* Task item
The task calls for the lines from the start of the entries below through the line with "Into your control vial add", given again verbatim, with every picture dropped.

** Task input follows **

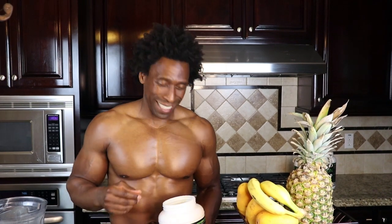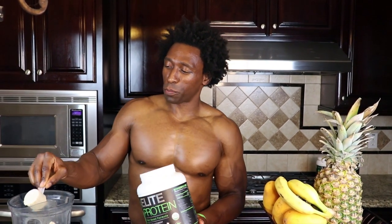For the final ingredient we're gonna go with one scoop of elite protein — 25 grams of plant-based protein with pea and hemp protein, a little spirulina, some maca, some chia seed. It's awesome. Alright, time to blend this up.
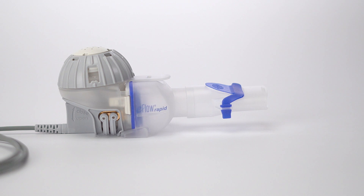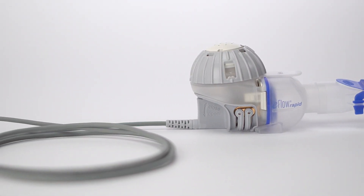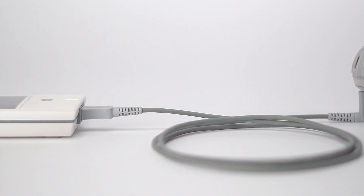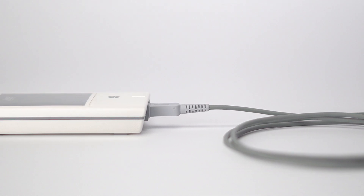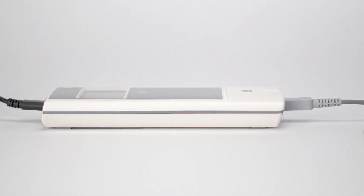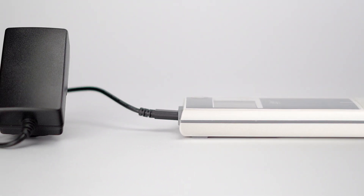For hygiene reasons, the eFlow Rapid Nebulizer handset and the connection cord must only be used by one person. For patients who are more susceptible to infection or who have a weakened immune system, it is recommended that the eBase controller and the power adapter are also only used by one person.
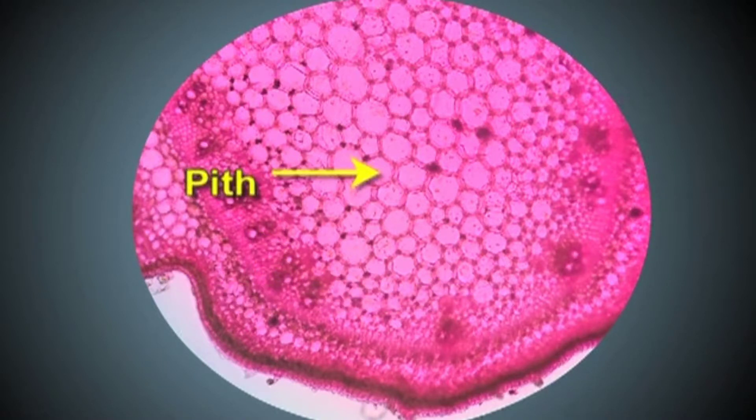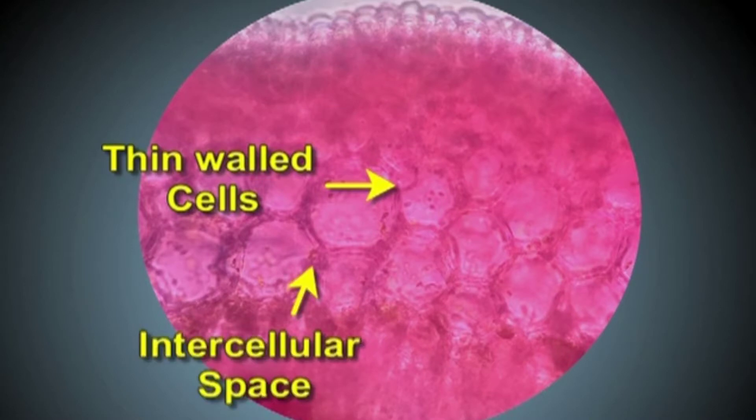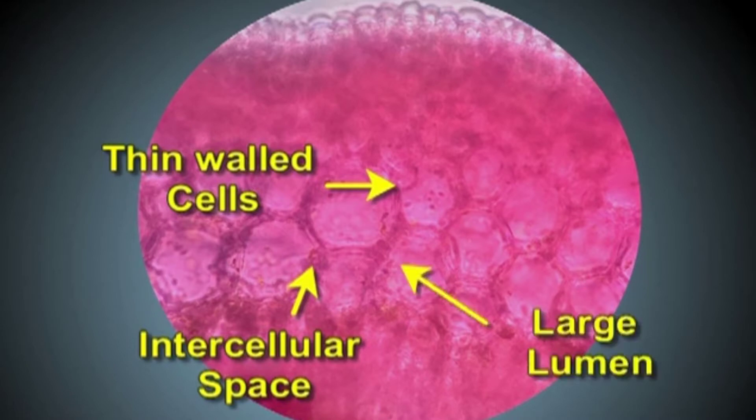Here we find that the pith and the cortex consist of very thin-walled cells. These thin-walled cells have a circular outline and are loosely arranged. They have intercellular spaces, large lumen, and they are living cells. Such thin-walled cells are called parenchyma.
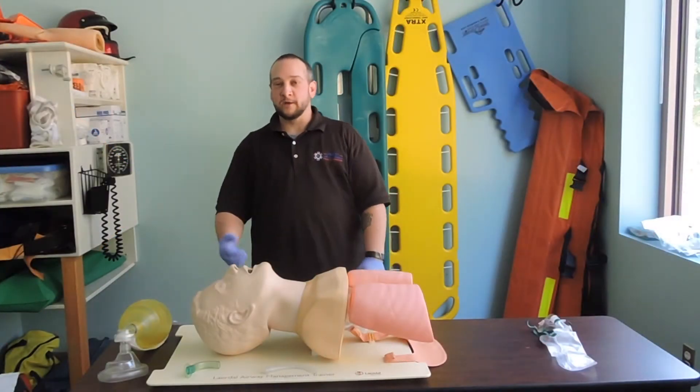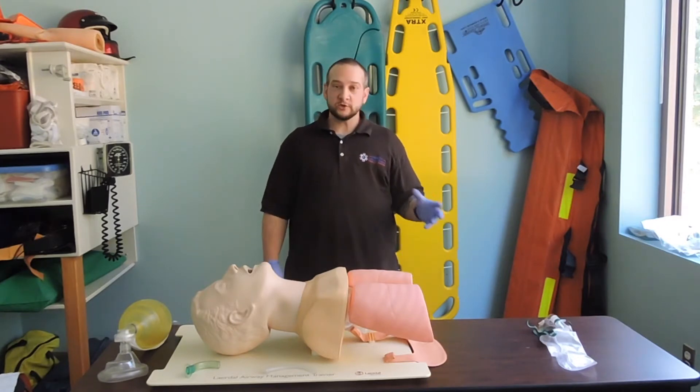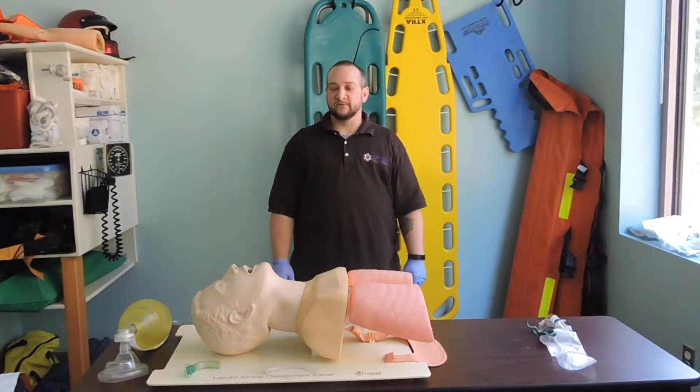I'm the BLS coordinator and one of the paramedic instructors here at NMETC. Today we're going to do a brief demonstration of the equipment, show you what it is, how it functions, and go over basic BLS airway management for our patients.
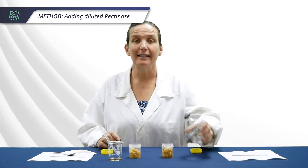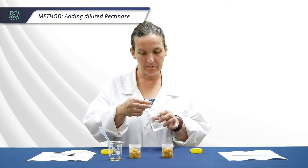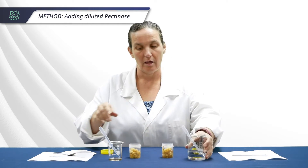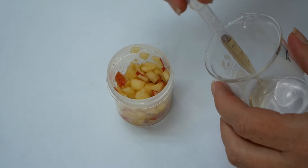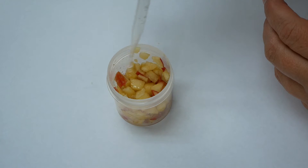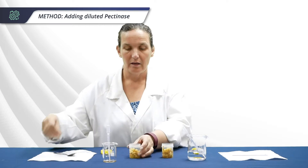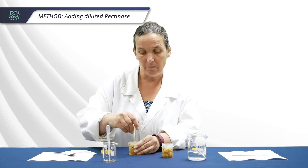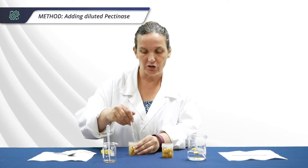Into your control vial add two mils of water, and into your experiment vial add two mils of the diluted pectinase. Give them a stir. Be careful not to mix up your glass rods, as you don't want to get any enzyme into your control vial.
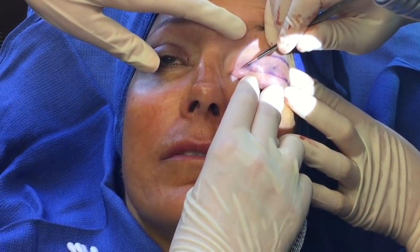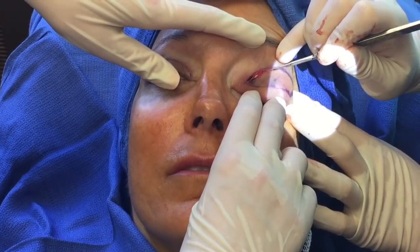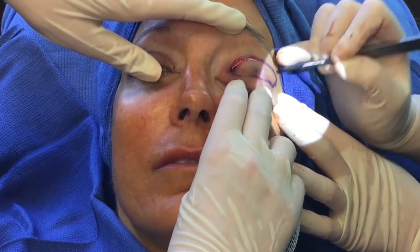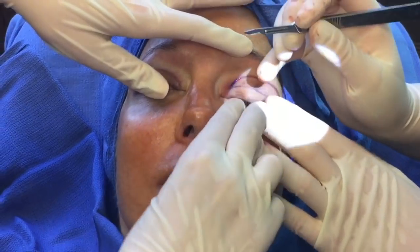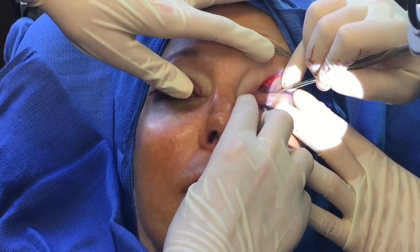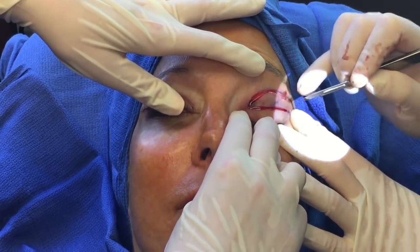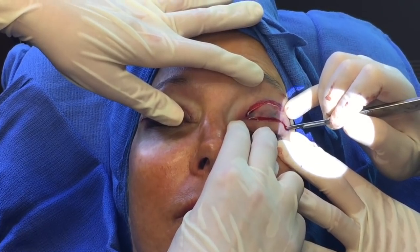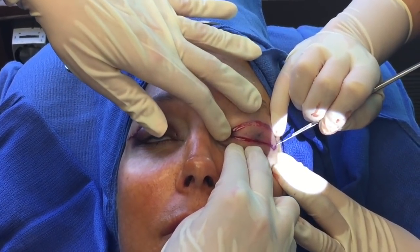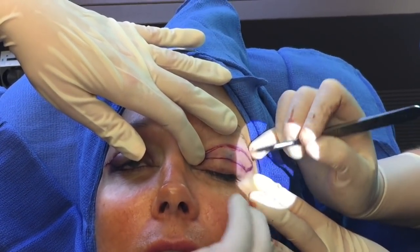I'm making the incision now, going through the skin. The patient doesn't feel anything — once the injection is done, this procedure is completely painless and very well tolerated. She's awake, doing well, and comfortable. Often patients will be talking during the procedure. The recovery is around a week with minimal downtime. The swelling you see more of right from the injection than at completion.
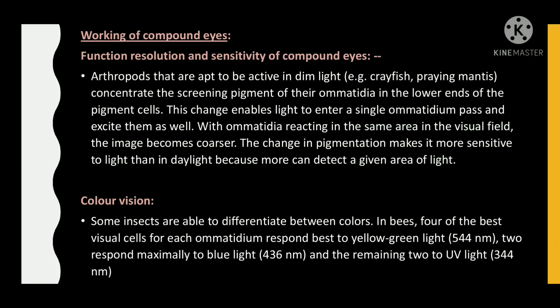Regarding function, resolution, and sensitivity of compound eyes: arthropods that are active in dim light, for example crayfish and praying mantis, concentrate the screening pigment of their omatidia in the lower ends of the pigment cells. This change enables light to enter a single ommatidium and excite it. With omatidia reacting to the same area in the visual field, the image becomes coarser. The change in pigmentation makes the eye more sensitive to light than in daylight because more light can be detected in a given area.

** End of Task input **

* Answer
For the final ingredient we're gonna go with one scoop of elite protein — 25 grams of plant-based protein with pea and hemp protein, a little spirulina, some maca, some chia seed. It's awesome. Alright, time to blend this up.
For hygiene reasons, the eFlow Rapid Nebulizer handset and the connection cord must only be used by one person. For patients who are more susceptible to infection or who have a weakened immune system, it is recommended that the eBase controller and the power adapter are also only used by one person.
Here we find that the pith and the cortex consist of very thin-walled cells. These thin-walled cells have a circular outline and are loosely arranged. They have intercellular spaces, large lumen, and they are living cells. Such thin-walled cells are called parenchyma.
I'm the BLS coordinator and one of the paramedic instructors here at NMETC. Today we're going to do a brief demonstration of the equipment, show you what it is, how it functions, and go over basic BLS airway management for our patients.
Into your control vial add two mils of water, and into your experiment vial add two mils of the diluted pectinase. Give them a stir. Be careful not to mix up your glass rods, as you don't want to get any enzyme into your control vial.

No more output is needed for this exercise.